Il presidente Ghazouani si trovava a Washington per partecipare a un vertice ristretto con altri quattro leader dell’Africa occidentale: Gabon, Guinea-Bissau, Liberia e Senegal. L’obiettivo dichiarato della Casa Bianca è orientare i rapporti con questi Paesi verso logiche di investimento e cooperazione economica, piuttosto che di semplice assistenza. La partecipazione degli africani ha offerto all’amministrazione Trump l’occasione per consolidare legami strategici su dossier quali transizioni democratiche, lotta al narcotraffico, gestione dei flussi migratori e sviluppo del settore privato.
Ma un funzionario a conoscenza dell’agenda del vertice ha riferito a Semafor che l’ipotesi di un incontro tra i leader mauritano e israeliano era stata valutata, per allargare la profondità dell’incontro. Fonti ufficiali statunitensi e mauritane, inclusi la Casa Bianca e il dipartimento di Stato, non hanno rilasciato commenti ufficiali.
La Mauritania, membro della Lega Araba, ha interrotto i rapporti diplomatici con Israele nel 2010, in seguito all’operazione militare israeliana a Gaza nota come Piombo Fuso.

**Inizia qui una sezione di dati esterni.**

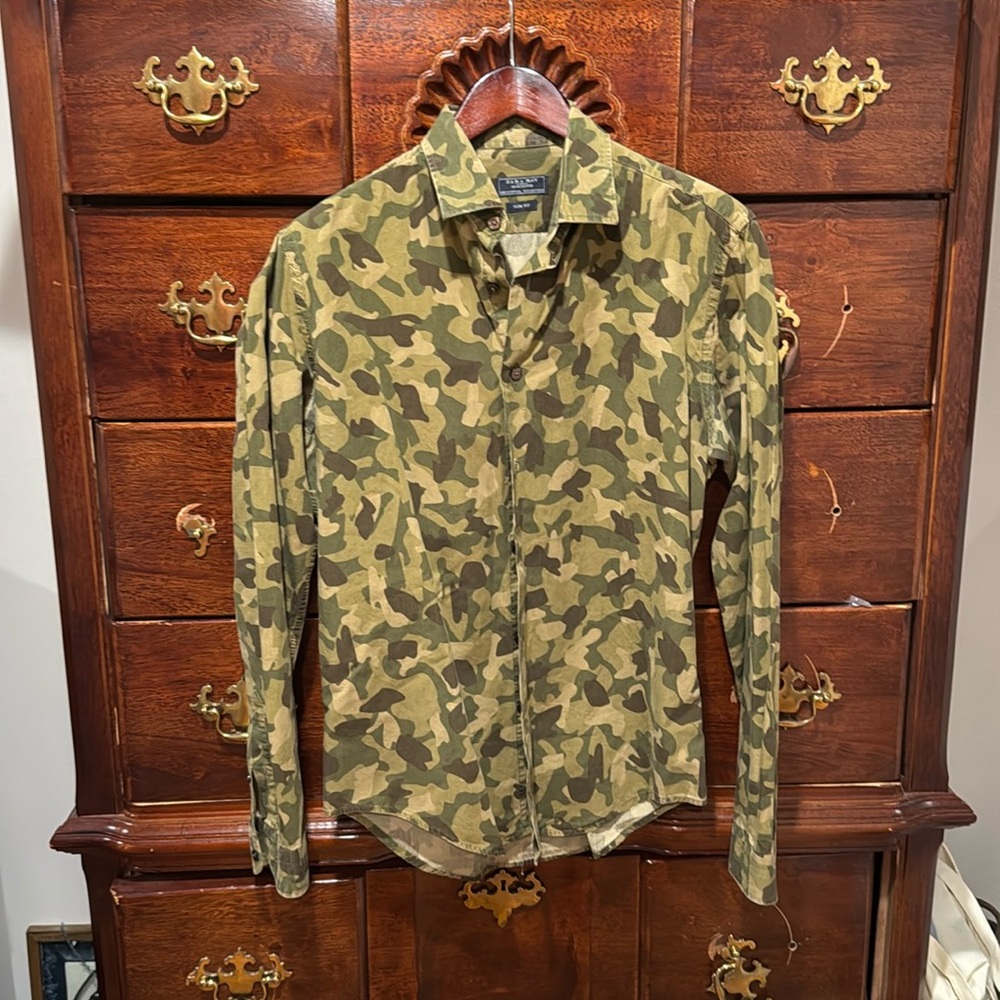 Zara men’s camo print shirt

I rapporti si erano sviluppati a partire dalla fine degli anni ’90 sotto la presidenza di Muʿāwiyah Aḥmad Ould al-Taya, con l’apertura di ambasciate in entrambe le capitali e una serie di investimenti israeliani nei settori delle telecomunicazioni e dell’estrazione mineraria, incluso il litio. Tuttavia, la normalizzazione è sempre stata impopolare all’interno del Paese, dove il sostegno alla causa palestinese è fortemente radicato – come altrove in Africa e in generale nel cosiddetto “Global South”. Le tensioni interne sul tema contribuirono alla crisi politica che sfociò in un colpo di Stato.

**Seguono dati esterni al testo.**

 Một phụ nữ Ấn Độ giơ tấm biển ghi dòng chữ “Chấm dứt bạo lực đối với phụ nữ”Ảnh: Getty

Sui social media, la semplice ipotesi di un incontro tra Ghazouani e Netanyahu ha suscitato reazioni di forte ostilità tra i cittadini mauritani, con critiche che evocano una frattura insanabile tra il presidente e il suo popolo qualora la normalizzazione venisse effettivamente avviata.

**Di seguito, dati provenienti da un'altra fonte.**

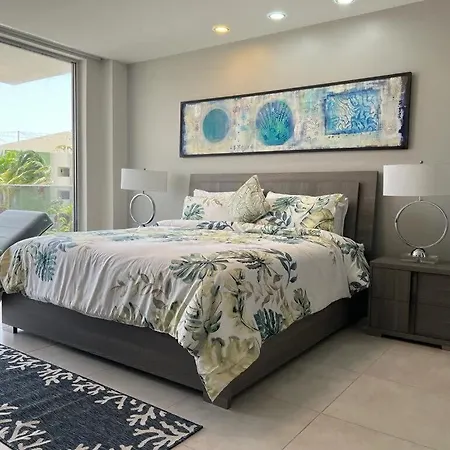 Luxurious Beachfront Apartment In O Condominiums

Parallelamente, Trump ha rafforzato la propria attività diplomatica su più fronti: dai tentativi di mediazione nei conflitti tra Ucraina e Russia, tra Israele e Hamas, e nella crisi tra Repubblica Democratica del Congo e Rwanda, fino a una possibile iniziativa per fermare la guerra civile in Sudan. Il premier israeliano Netanyahu ha recentemente proposto la candidatura di Trump al Premio Nobel per la Pace, elogiandone “la dedizione eccezionale e costante alla promozione della pace, della sicurezza e della stabilità nel mondo”.
Oggi la Mauritania rientra nel gruppo di Paesi africani che non riconoscono Israele o hanno sospeso le relazioni bilaterali. Il ritorno di Trump alla Casa Bianca ha però riacceso le speculazioni su una possibile seconda ondata di accordi di normalizzazione, in continuità con la strategia degli Accordi di Abramo. Secondo fonti arabe, anche Siria e – con maggiore cautela – Libano, sarebbero coinvolti nei piani americani per un allargamento del cosiddetto “Scudo di Abramo”.
Tutte dinamiche che interessano l’Italia, orientata nella sua proiezione internazionale sia verso l’Africa (con il cosiddetto “Piano Mattei”) sia verso il Medio Oriente, parte di quel “Mediterraneo globale” di cui parla Giorgia Meloni. La distensione su dossier annosi, come il riconoscimento di Israele e la creazione di rapporti internazionali con attori del mondo arabo, è un elemento importante per la stabilità regionale. Un fattore che si traduce in sicurezza e prosperità, in una fase geopolitica molto complessa.